Nesso causale. 1° passaggio.

  • Di fronte ad un evento calamitoso e un’imputazione per condotta colposa omissiva, soltanto delineando il comportamento dovuto è possibile tracciare un collegamento eziologico tra la condotta colposa che si rimprovera e l’evento verificatosi: insomma ragionate di nesso causale in questi casi significa formulare un giudizio ipotetico e prognostico su come l’eventuale compimento dell’azione doverosa avrebbe influenzato il corso degli accadimenti, impedendo l’evento. Di fronte a un evento che si asserisce causato da un’omissione, il Giudice deve quindi procedere ponendosi due domande: a) quali cautele era necessario adottare? b) è possibile ipotizzare che se le cautele fossero state adottate, l’evento non si sarebbe verificato? concludendo per l’esistenza del nesso causale tutte le volte che diventi certo (anzi probabile) che l’evento non si sarebbe verificato qualora l’agente avesse tenuto l’azione dovuta alla stregua di un giudizio di elevata probabilità logica.
  • La Giurisprudenza da più di 15 anni ha poi chiarito come non basti questa operazione: il profilo causale si deve fondare però anche su un giudizio di tipo induttivo che per così dire cala il ragionamento generale sulle particolarità del caso concreto, verificando se le inferenze del fatto posso confermare l’ipotesi formulata o aprire a ipotesi di decorsi causali alternativi[1]. E’ un passaggio ricostruttivo e probatorio ineludibile che mira a scongiurare prospettazioni che non tengano conto della realtà concreta del caso.
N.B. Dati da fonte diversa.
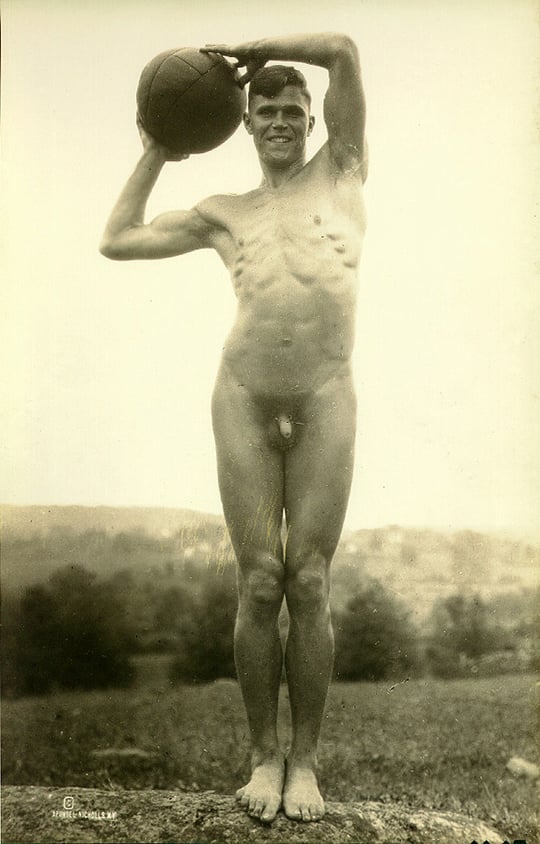 nude male vintage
Il tema in punto di causalità è quello della evitabilità dell’evento e l’individuazione di misure volte a prevenirlo: diversi dunque sono i piani di verifica: quale prevenzione? segnalazione tempestiva? interventi di prevenzione? misure volte ad informare e formare i soggetti esposti al rischio? la stessa la legge 225/92 richiama questa pluralità di livelli: declina infatti l’attività della protezione civile lungo le 4 direttrici principali: previsione, prevenzione, soccorso e ripristino della normalità. Insomma: quando mi chiedo quale sarebbe dovuta essere la condotta alternativa devo aver chiaro l’orizzonte su cui si muove la mia indagine.

Ecco alcune delle criticità:

a) un aspetto estremamente rilevante nell’individuazione dei garanti nel sistema normativo della Protezione Civile è l’esatta identificazione della natura dell’evento: è di tutta evidenza come mutino le tematiche e le problematiche investigative, e prima ancora di intervento da parte della Protezione Civile, a seconda che per esempio siamo di fronte ad eventi a produzione immediata: un crollo, un naufragio, un disastro ferroviario, o al contrario ad eventi a formazione progressiva: un’alluvione, un’esondazione. Quando si parla delle difficoltà di individuazione dell’evento si deve anche considerare la distinzione tra evento primario e le sue conseguenze: il rischio da evitare è proprio quello di perdere di vista l’evento rispetto al quale di ipotizza una colpa (di mancata previsione o prevenzione). Mi permetto di attingere alla mia esperienza di giudice ferrarese impegnato in un processo per il sisma del 2012 (la sentenza è passata in giudicato): esiste l’evento sismico del 20.05.2012 e si sono verificati dei decessi all’interno di insediamenti produttivi; l’oggetto del processo ha riguardato la responsabilità di chi aveva progettato il capannone crollato e il datore di lavoro dell’operaio deceduto. Tanti i temi: previsione dell’evento, prevenzione dal rischio sismico: nel ragionare di responsabilità per rischio sismico è stato fondamentale anzitutto distinguere dal fatto terremoto, evento in sè naturale imprevedibile e non evitabile, rispetto all’emergenza sismica che è altra cosa: lo ha chiarito la giurisprudenza, essa fa riferimento al rischio derivante da un fatto come il terremoto che è da considerare alla stregua di eventi rientranti tra le normali vicende del suolo e non può essere giudicato come accadimento eccezionale e imprevedibile quando si verifica in zone già qualificate ad elevato rischio sismico (così si può dire di frane, esondazioni, crolli…).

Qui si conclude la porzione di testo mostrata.